[Items from a data source]
"""

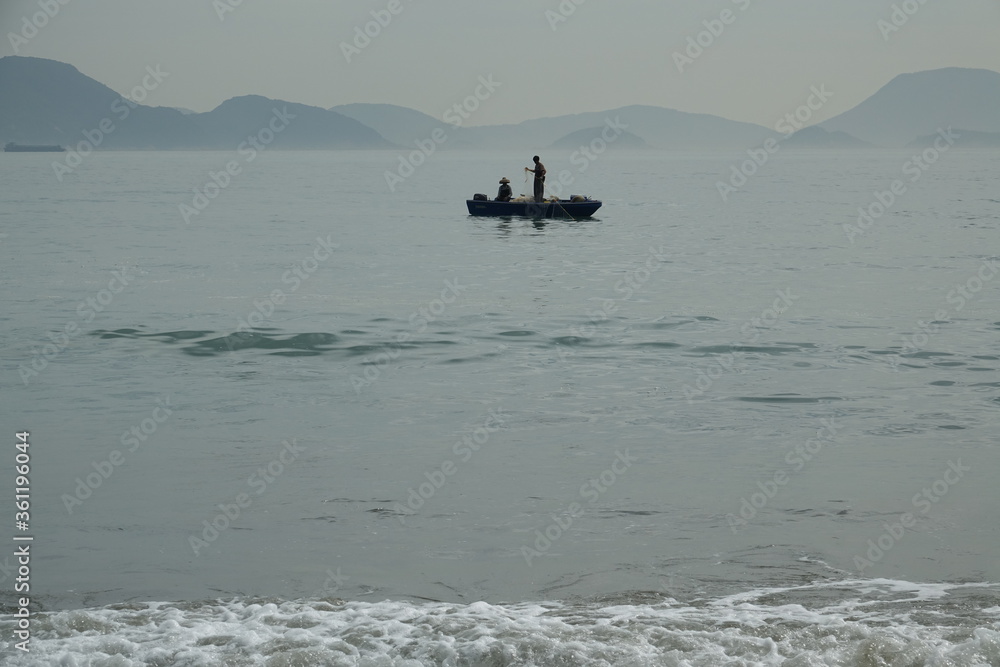 Silhouette of people on fishing boat in the ocean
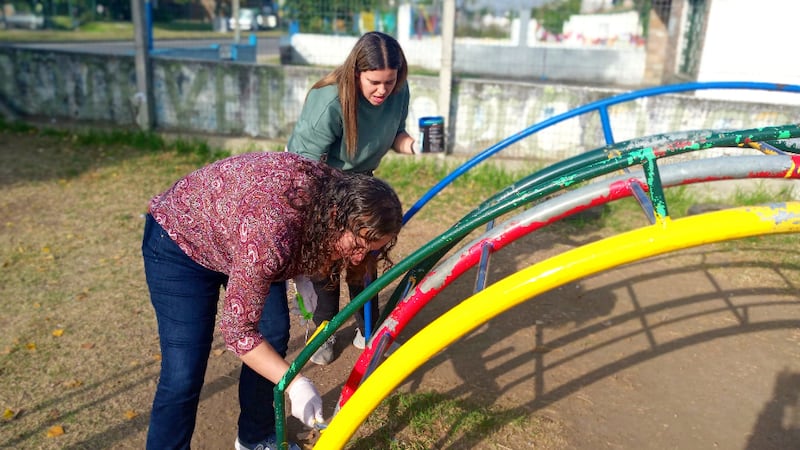 Miembros de la Sociedad de Socorro de la Estaca Montevideo Norte pintan el equipo del patio de recreo en una escuela local en Montevideo, Uruguay, el 9 de abril de 2022.
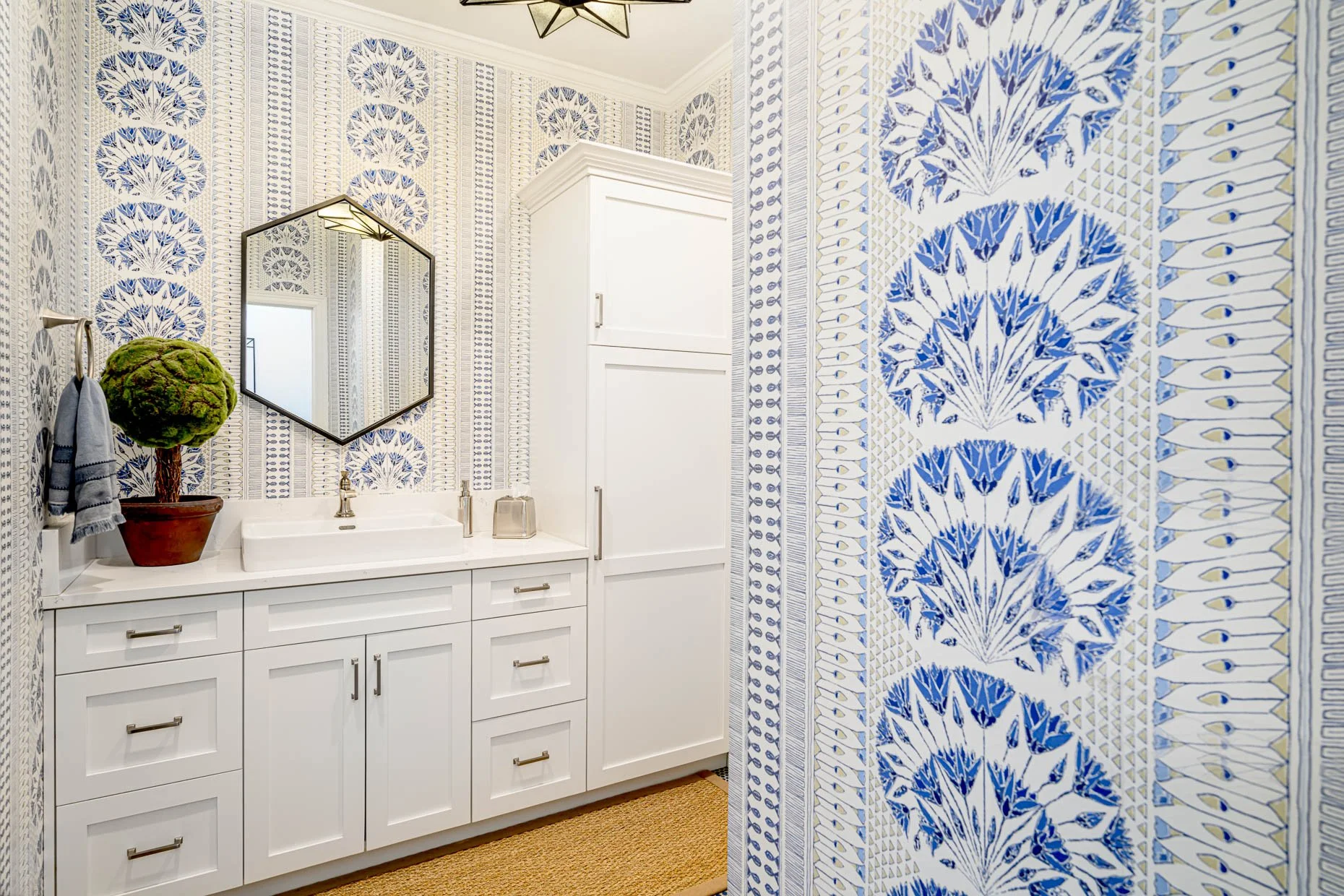 Clean and beautiful guest bath with exceptional wallpaper and white cabinetry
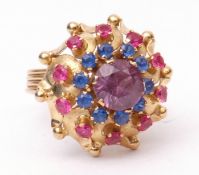 Modern yellow metal cluster ring, set with a synthetic alexandrite, sapphires and rubies, basket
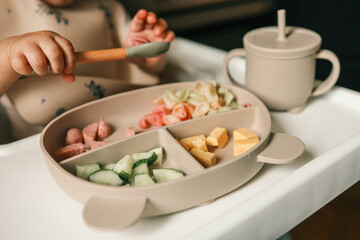 A toddler's chubby hands grasp colorful pasta and cheese cubes from a divided plate during mealtime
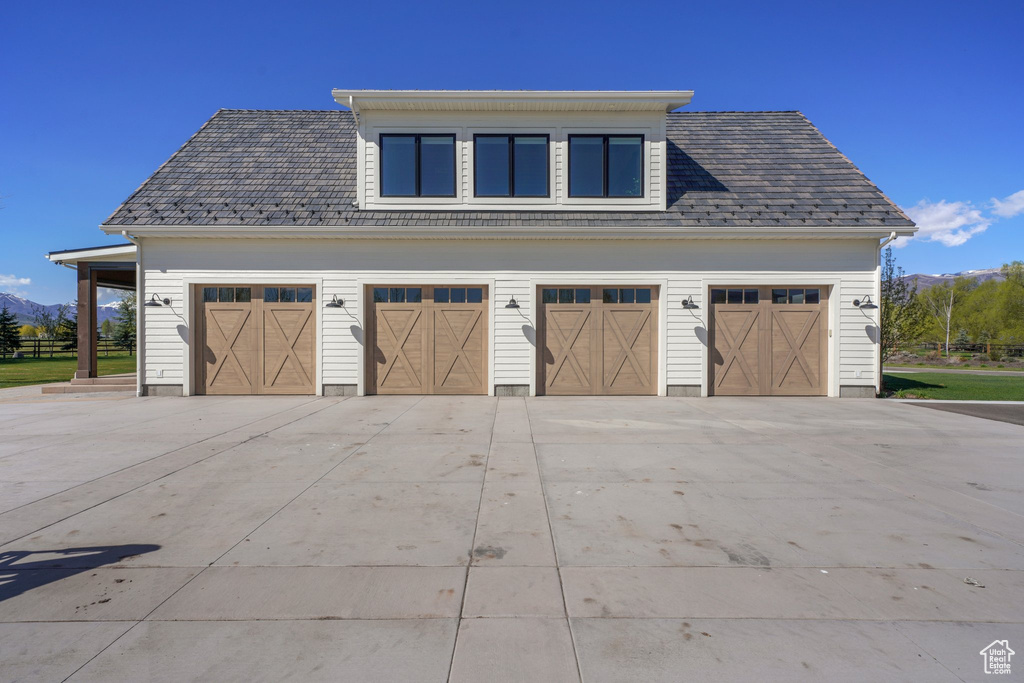 Garage featuring concrete driveway and a mountain view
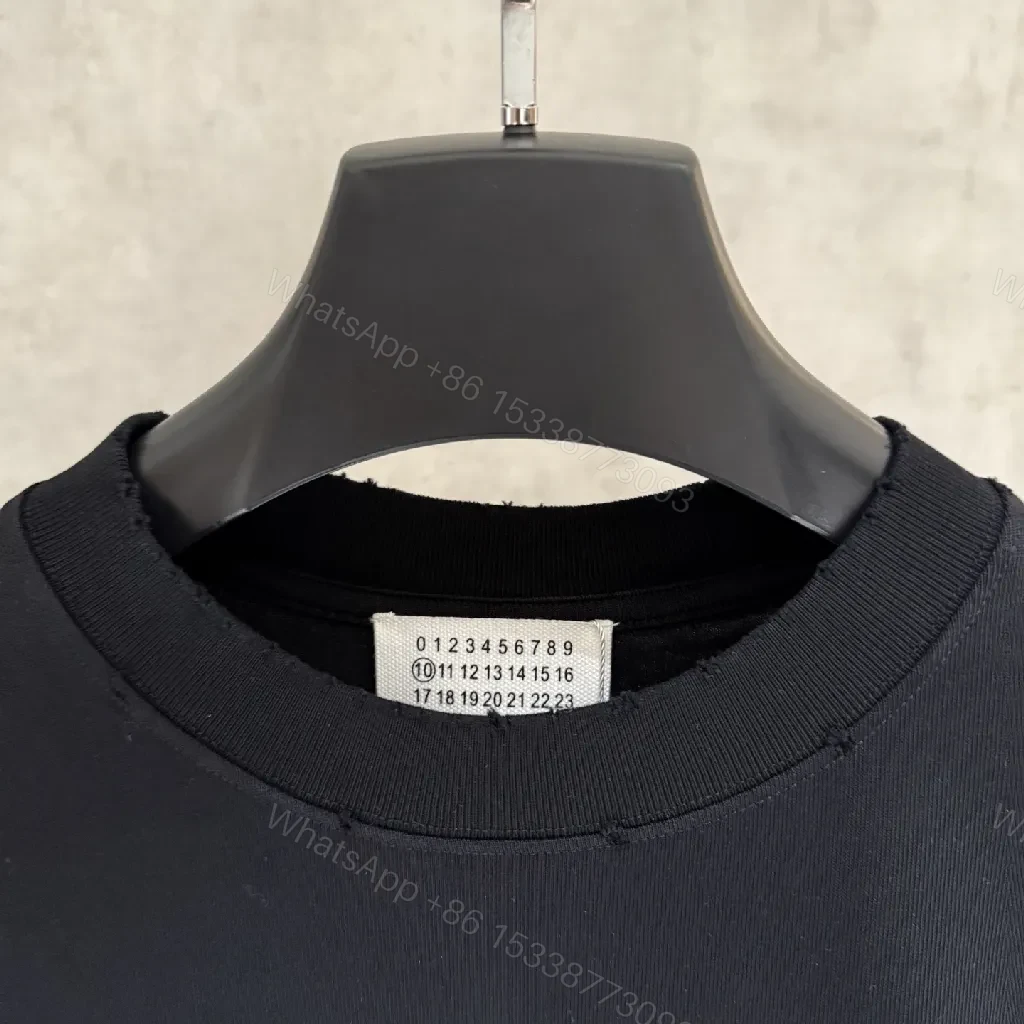 View 6 of Oversized Black Tee with Subtle Dot Logo — Luxe Everyday Wear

"""

DESCRIPTION OF THE TASK> Transcribe the records word for word and include no pictures.

ANSWER TO THE PROBLEM>
 Silhouette of people on fishing boat in the ocean
 Miembros de la Sociedad de Socorro de la Estaca Montevideo Norte pintan el equipo del patio de recreo en una escuela local en Montevideo, Uruguay, el 9 de abril de 2022.
 Clean and beautiful guest bath with exceptional wallpaper and white cabinetry
 Modern yellow metal cluster ring, set with a synthetic alexandrite, sapphires and rubies, basket
 A toddler's chubby hands grasp colorful pasta and cheese cubes from a divided plate during mealtime
 Garage featuring concrete driveway and a mountain view
 View 6 of Oversized Black Tee with Subtle Dot Logo — Luxe Everyday Wear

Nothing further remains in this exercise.